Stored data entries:
========================================

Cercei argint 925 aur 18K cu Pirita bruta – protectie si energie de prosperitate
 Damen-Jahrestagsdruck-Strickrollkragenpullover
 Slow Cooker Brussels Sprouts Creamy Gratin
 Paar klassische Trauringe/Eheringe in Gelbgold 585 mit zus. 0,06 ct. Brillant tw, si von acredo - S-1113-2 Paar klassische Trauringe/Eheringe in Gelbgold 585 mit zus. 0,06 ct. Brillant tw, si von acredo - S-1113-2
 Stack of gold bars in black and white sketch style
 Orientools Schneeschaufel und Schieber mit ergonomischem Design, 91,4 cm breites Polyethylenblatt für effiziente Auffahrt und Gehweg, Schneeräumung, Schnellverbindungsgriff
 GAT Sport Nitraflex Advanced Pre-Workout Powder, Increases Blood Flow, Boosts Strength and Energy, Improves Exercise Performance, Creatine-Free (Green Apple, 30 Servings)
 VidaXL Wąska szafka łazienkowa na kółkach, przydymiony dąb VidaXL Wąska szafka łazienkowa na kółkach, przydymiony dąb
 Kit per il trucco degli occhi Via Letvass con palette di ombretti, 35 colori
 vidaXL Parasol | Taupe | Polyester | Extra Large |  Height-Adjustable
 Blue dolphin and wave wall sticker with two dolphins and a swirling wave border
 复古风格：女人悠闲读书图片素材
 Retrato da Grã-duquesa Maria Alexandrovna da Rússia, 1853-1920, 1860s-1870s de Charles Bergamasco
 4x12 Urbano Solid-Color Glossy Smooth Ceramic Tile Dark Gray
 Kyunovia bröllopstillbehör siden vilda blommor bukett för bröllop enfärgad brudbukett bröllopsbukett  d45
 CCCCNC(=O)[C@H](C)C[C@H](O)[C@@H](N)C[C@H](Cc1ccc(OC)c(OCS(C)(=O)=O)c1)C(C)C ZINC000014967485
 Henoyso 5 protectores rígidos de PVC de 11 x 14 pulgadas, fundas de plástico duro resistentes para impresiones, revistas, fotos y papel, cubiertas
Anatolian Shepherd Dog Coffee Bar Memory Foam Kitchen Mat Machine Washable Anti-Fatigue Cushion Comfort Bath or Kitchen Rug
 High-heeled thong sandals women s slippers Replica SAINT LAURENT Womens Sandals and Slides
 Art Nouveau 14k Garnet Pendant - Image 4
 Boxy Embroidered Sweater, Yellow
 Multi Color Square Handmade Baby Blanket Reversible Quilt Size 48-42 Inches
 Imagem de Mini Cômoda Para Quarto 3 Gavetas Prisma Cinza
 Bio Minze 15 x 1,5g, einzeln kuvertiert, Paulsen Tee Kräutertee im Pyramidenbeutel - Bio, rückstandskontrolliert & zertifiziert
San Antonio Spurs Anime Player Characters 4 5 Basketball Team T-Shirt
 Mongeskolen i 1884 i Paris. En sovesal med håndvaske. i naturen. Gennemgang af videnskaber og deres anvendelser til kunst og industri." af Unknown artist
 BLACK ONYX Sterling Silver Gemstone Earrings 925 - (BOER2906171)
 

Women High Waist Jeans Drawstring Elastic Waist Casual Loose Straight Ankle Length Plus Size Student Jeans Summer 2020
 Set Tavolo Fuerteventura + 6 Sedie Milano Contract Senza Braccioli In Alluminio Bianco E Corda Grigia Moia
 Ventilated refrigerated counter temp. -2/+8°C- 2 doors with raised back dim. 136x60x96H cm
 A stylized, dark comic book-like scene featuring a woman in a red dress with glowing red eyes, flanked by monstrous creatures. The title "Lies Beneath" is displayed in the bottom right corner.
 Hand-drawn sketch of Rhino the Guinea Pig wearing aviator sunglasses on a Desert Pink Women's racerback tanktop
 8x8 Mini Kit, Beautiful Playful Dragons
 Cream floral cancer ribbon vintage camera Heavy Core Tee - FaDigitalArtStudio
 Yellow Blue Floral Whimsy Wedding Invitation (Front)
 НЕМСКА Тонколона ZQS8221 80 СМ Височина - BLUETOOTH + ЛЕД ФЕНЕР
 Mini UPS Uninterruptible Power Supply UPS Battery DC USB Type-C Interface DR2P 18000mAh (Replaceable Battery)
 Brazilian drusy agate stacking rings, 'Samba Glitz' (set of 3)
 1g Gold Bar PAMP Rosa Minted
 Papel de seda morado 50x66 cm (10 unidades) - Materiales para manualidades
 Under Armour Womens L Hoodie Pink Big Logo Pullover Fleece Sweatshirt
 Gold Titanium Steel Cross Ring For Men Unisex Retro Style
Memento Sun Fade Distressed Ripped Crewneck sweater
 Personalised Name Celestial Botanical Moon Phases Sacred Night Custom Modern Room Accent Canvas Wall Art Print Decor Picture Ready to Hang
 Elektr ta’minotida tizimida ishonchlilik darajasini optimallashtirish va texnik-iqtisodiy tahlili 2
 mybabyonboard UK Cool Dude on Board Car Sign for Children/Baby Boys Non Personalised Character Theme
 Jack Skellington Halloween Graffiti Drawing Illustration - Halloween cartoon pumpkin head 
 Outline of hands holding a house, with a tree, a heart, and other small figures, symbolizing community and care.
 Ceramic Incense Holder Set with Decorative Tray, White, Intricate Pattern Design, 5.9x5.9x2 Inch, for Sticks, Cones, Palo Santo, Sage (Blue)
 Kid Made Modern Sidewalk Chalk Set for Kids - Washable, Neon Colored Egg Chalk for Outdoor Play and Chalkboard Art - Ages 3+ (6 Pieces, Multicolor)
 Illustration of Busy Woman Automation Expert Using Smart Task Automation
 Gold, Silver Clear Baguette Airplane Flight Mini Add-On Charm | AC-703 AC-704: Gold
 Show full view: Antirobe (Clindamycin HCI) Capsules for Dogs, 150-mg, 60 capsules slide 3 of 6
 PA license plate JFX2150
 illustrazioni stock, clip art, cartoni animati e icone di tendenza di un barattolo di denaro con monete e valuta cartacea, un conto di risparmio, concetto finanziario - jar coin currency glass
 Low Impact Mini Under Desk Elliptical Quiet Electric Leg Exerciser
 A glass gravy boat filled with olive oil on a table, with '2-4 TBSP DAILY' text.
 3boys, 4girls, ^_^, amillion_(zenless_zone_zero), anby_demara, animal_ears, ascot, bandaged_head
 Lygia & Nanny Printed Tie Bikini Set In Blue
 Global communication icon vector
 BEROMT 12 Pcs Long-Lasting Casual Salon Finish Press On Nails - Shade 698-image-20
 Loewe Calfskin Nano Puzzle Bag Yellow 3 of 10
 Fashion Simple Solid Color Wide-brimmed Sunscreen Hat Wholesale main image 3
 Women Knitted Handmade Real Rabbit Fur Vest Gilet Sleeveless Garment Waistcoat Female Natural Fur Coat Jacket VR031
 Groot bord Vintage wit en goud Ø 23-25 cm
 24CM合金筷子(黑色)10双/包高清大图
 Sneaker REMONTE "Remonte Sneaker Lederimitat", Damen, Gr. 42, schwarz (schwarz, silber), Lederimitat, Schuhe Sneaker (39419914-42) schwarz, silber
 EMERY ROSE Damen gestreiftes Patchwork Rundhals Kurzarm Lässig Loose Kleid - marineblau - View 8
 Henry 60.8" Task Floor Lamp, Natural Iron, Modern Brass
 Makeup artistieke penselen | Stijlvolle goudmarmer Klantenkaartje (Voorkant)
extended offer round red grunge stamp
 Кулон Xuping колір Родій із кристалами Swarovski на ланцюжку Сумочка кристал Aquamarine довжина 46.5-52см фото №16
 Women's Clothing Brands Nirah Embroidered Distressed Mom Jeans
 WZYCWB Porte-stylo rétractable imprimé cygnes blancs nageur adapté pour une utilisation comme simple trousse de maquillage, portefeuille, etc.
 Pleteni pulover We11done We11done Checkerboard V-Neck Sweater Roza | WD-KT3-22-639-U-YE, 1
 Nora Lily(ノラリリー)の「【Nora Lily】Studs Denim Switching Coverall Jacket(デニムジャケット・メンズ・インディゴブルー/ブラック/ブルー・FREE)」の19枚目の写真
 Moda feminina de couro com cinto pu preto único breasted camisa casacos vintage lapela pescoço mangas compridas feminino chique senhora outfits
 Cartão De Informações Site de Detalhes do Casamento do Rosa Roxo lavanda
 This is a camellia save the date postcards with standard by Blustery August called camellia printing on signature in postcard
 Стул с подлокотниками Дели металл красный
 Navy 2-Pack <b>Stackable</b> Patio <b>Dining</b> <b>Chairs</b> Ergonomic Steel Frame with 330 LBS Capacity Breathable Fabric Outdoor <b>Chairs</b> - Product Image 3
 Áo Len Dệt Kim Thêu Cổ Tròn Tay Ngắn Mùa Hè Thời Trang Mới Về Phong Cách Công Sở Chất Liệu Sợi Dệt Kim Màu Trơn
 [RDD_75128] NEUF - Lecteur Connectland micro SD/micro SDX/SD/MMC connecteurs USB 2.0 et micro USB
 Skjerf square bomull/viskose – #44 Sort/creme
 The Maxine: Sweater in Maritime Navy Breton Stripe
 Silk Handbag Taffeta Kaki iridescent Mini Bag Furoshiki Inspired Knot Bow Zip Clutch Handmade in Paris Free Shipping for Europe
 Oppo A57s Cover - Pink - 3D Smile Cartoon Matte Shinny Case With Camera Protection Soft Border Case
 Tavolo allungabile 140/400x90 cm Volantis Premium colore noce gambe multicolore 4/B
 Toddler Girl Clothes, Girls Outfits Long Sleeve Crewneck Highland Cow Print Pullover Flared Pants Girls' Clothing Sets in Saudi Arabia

========================================

About this task: I'd like the lines above from the one with "Cartão De Informações" up to and including the one with "Silk Handbag Taffeta" copied exactly, with no other lines.

Expected answer:
 Cartão De Informações Site de Detalhes do Casamento do Rosa Roxo lavanda
 This is a camellia save the date postcards with standard by Blustery August called camellia printing on signature in postcard
 Стул с подлокотниками Дели металл красный
 Navy 2-Pack <b>Stackable</b> Patio <b>Dining</b> <b>Chairs</b> Ergonomic Steel Frame with 330 LBS Capacity Breathable Fabric Outdoor <b>Chairs</b> - Product Image 3
 Áo Len Dệt Kim Thêu Cổ Tròn Tay Ngắn Mùa Hè Thời Trang Mới Về Phong Cách Công Sở Chất Liệu Sợi Dệt Kim Màu Trơn
 [RDD_75128] NEUF - Lecteur Connectland micro SD/micro SDX/SD/MMC connecteurs USB 2.0 et micro USB
 Skjerf square bomull/viskose – #44 Sort/creme
 The Maxine: Sweater in Maritime Navy Breton Stripe
 Silk Handbag Taffeta Kaki iridescent Mini Bag Furoshiki Inspired Knot Bow Zip Clutch Handmade in Paris Free Shipping for Europe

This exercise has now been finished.